I am Canadian and I have visited Cuba several times in the past decade, most recently January of this year. While there, I went with my Cuban friend to one of the public access points to computers in the Melia Hotel Santiago in Santiago de Cuba. There are 11 Samsung computers with flat screen monitors in the computer room. My friend purchased a card from Etesca for 6 CUC which enabled him to access the restricted internet for 60 minutes. I check my email there while in Cuba. There has never been a lineup, usually only about half of them are in use at any one time. My friend also has a cell phone. My telephone service in Canada charges $1.53 per minute to contact Cuba so my friend and I usually use the internet to connect almost daily. Of course the government has to make choices in a socialist country and internet service to the citizenry is not a top priority. Similarly, it is not a top priority of the citizenry. A roof to replace the one damaged by hurricane Sandy would be more desired. I enjoy reading the articles in Havana Times and even moreso, the comments. It’s easy to criticize almost everything that happens in Cuba, but it would be great to just state the facts and let the reader make his or her judgment. Some of the journalists are a bit too opinionated, but maybe that is the best way to stimulate discussion.
Recommended labels for this measure:
the inter-ñet (ñet being a Spanish transcription for the Russian word for ‘no’, well known by most Cubans).
the interTrek (as it is still science fiction…and into the darkness we are still headed)
the interpet, as we are treated as pets, begging for bits of information
the intercheck, given the cost
and so on..you go on
The lack of will is obvious. Cuba had a backbone built in the 90s so there is no big problem to connect the island to the cable. The local infrastructure is a mess but internet could easily be offered for mobiles if they really wanted the people to have it. They have money to build new nice houses to the MININT staff and a huge surveilance center in Miramar, but not to upgrade the IT infrastructure that will actually generate some kind of revenue? I call BS on that.
The fear of internet is also obvious. After the cable arrived and was recieved with celebrations and shown as a huge propaganda victory it just vanished after the arab spring. A mere coincidance? I think not..
It’s obvious why the government is moving so slowly in providing internet access to Cuba. They want to limit and control access as much as possible. They will not install any more computers than they have the resources to closely monitor.
And naturally, they want to rake in as much cash as possible while doing it.
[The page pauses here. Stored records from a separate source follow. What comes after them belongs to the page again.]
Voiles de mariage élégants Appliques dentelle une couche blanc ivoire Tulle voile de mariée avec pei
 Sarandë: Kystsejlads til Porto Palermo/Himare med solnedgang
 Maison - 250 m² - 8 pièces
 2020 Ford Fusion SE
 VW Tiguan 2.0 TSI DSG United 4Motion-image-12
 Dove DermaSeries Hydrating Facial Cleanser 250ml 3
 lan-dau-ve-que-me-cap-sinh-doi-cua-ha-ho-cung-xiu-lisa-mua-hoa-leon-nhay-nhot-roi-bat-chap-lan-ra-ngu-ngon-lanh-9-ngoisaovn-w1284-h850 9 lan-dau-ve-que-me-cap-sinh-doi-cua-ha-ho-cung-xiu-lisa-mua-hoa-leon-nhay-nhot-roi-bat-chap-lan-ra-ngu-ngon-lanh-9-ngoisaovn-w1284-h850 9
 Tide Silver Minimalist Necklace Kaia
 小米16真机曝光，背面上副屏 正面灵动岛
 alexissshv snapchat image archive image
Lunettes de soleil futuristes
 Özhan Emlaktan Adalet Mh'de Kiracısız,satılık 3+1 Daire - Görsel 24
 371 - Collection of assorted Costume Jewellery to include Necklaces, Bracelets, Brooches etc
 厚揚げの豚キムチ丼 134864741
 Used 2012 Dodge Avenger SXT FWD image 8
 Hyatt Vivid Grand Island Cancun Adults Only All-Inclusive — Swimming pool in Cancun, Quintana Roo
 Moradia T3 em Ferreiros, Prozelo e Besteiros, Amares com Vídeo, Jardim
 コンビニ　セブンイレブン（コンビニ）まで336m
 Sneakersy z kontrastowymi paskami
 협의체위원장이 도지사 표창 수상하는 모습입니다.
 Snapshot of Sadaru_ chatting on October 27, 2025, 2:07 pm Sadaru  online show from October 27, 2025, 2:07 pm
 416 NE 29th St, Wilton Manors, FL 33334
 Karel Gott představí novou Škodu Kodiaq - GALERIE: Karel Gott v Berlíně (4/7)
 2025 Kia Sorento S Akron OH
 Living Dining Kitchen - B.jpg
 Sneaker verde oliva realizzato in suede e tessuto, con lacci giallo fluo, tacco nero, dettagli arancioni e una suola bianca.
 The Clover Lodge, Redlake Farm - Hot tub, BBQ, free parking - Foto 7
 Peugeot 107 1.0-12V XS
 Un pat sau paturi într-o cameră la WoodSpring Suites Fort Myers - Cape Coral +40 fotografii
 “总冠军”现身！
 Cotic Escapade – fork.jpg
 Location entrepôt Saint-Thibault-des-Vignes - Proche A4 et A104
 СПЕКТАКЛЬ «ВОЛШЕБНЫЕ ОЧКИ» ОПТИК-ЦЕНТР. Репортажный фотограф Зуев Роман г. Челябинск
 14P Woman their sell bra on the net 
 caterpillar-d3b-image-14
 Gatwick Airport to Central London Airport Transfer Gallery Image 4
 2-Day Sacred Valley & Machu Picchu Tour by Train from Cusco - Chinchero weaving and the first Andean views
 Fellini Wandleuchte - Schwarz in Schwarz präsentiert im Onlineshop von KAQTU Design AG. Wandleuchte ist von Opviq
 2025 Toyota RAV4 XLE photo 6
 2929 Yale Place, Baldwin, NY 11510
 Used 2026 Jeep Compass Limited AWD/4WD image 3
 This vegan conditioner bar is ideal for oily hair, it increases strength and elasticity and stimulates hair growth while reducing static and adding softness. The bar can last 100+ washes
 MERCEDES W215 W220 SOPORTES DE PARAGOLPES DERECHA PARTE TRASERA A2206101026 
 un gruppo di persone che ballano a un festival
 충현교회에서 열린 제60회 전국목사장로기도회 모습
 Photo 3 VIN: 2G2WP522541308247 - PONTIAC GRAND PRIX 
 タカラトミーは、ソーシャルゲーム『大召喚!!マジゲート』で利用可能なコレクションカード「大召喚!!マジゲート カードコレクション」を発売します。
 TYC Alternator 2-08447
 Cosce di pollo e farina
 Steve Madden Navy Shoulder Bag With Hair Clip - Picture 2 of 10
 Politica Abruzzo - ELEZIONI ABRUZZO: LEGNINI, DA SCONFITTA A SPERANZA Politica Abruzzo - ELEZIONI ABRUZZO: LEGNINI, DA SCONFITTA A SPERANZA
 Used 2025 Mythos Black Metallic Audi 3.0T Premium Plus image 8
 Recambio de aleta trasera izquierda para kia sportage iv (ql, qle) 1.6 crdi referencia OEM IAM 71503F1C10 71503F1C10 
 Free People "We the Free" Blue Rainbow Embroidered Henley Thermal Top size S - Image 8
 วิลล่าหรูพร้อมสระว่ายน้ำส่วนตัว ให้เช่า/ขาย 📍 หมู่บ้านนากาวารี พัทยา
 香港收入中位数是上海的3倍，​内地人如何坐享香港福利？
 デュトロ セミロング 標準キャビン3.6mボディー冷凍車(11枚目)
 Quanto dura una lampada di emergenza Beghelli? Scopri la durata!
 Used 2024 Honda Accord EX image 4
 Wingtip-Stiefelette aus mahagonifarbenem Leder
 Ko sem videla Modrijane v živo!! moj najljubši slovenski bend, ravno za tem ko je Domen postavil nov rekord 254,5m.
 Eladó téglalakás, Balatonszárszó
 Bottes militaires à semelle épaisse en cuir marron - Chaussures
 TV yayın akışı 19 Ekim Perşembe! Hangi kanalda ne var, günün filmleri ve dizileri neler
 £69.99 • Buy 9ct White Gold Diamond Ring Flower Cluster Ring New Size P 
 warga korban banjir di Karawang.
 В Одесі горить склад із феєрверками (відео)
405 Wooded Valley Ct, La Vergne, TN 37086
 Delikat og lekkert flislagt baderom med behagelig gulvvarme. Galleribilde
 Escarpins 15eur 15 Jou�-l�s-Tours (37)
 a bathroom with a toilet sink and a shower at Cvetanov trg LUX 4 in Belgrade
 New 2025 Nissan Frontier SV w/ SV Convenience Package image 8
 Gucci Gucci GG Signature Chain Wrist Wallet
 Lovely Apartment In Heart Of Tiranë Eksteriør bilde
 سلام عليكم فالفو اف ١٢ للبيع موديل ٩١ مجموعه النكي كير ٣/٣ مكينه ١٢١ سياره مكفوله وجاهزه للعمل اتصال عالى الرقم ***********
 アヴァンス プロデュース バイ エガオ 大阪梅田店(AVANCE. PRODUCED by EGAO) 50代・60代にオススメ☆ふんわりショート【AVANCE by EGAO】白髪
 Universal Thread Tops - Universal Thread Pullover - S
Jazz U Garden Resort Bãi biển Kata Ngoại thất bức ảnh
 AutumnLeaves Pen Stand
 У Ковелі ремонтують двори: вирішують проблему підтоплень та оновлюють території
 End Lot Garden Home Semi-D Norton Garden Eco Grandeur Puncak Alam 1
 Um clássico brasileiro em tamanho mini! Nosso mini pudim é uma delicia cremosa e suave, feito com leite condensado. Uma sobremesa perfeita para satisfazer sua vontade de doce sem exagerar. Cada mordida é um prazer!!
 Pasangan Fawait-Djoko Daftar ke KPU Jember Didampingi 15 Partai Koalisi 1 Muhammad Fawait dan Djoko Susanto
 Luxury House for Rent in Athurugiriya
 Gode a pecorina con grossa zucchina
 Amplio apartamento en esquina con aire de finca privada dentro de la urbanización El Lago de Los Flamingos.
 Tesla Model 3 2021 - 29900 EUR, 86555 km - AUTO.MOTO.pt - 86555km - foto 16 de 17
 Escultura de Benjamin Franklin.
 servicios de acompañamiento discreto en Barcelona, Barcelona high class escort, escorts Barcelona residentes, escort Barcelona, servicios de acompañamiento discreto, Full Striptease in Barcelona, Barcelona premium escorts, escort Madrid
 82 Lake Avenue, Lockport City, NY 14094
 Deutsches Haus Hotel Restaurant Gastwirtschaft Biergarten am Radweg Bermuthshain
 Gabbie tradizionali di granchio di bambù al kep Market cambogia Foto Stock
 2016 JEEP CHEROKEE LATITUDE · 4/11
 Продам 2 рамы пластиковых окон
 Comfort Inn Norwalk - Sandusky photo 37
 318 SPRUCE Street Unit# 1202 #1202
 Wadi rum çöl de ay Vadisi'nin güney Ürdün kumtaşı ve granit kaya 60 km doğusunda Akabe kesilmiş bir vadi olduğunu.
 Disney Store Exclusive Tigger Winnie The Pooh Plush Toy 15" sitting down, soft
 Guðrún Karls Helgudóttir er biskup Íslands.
I agree with the conclusions Fernando reaches in his post, especially regarding the revenues likely to be generated given the high costs of accessing the internet through these cybercafes. What Fernando does not mention are longstanding offers that the Castros have received over the last two years to build out the internet infrastructure from French, Spanish and Canadian telecommunications companies. They also understood that Cuba is an underserved and potentially profitable market. The Castros have resisted expanding internet access to date because of a fear of losing control of the flow of information. The First VP, Diaz-Canel, acknowledges the existence of this fear through his recent public remarks. As a result, the “piecemeal strategy” is not a function of inadequate infrastructure or the funds to build it out but rather a continuing lack of political will to move Cuba into to 21st century.